Lavado: Las fundas son completamente desenfundables mediante cremalleras. Se recomienda lavarlas y dejarlas secar al aire (o usar secadora a baja temperatura). Es posible que tras el primer lavado notes algún hilo deshilachado en el interior de las costuras; por su precio, un rematado tipo overlock o sobrehilado más robusto sería de agradecer.

Desplazamiento del tejido: Con el uso diario, la tela de las colchonetas puede desplazarse ligeramente de su eje. Esto se soluciona fácilmente alisando la tela con las manos o lavándola para que recupere tensión.

Instrucciones confusas: Las instrucciones de montaje incluidas son bastante escuetas (por ejemplo, no aclaran en qué sentido exacto orientar el velcro entre colchones al apilarlos). Muchos usuarios acaban recurriendo a los vídeos de su perfil de Instagram para entender la mejor configuración visual.

6. ¿Es una opción apta para hogares con mascotas?

Al ser completamente desenfundable y lavable, el Teddy es bastante sufridor. Si tienes perros que mudan mucho pelo, la pana atrapa algo de pelusa, pero se limpia con facilidad con un aspirador o rodillo. En cuanto a los gatos, al no ser una estructura rígida de madera contra la que hacer fuerza, suelen verlo más como un cojín gigante para dormir que como un rascador tentador.

¿Merece la pena la inversión?

El sofá Teddy de Omhu no es un mueble barato, y la decisión de si "vale lo que cuesta" es muy personal.
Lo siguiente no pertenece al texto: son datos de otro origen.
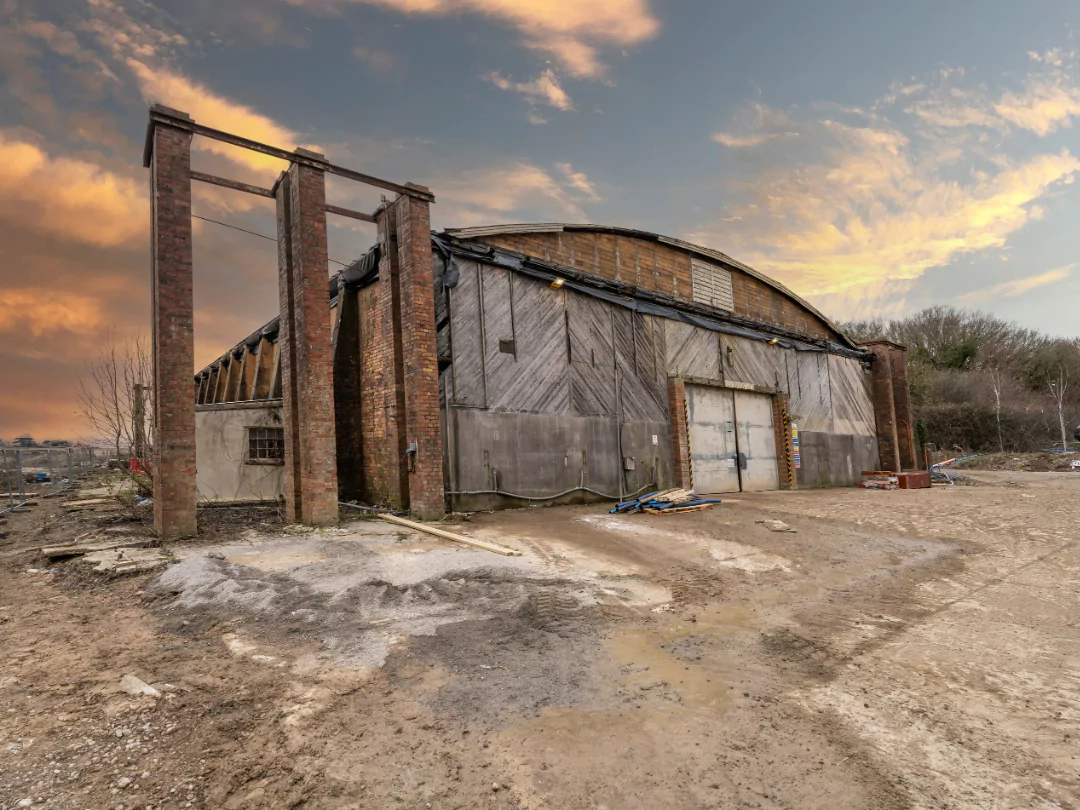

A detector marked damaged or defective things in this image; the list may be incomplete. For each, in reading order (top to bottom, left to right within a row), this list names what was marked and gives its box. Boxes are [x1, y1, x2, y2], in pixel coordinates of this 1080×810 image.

rusted metal frame [143, 106, 434, 201]
rusted metal frame [191, 170, 274, 199]
rusted metal frame [324, 204, 376, 223]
Con los sofás, a menudo pagamos por la comodidad de un diseño ya resuelto y listo para disfrutar en casa.

Si buscas un sofá de diseño nórdico, ligero, facilísimo de mover si cambias de piso, con 21 opciones de color disponibles y que se transforme de verdad en una cama doble comodísima para tus visitas, el Teddy cumplirá con creces tus expectativas. Solo ten en cuenta que estás comprando un concepto de descanso firme y a ras de suelo, muy alejado de la clásica sentada mullida de un sofá convencional.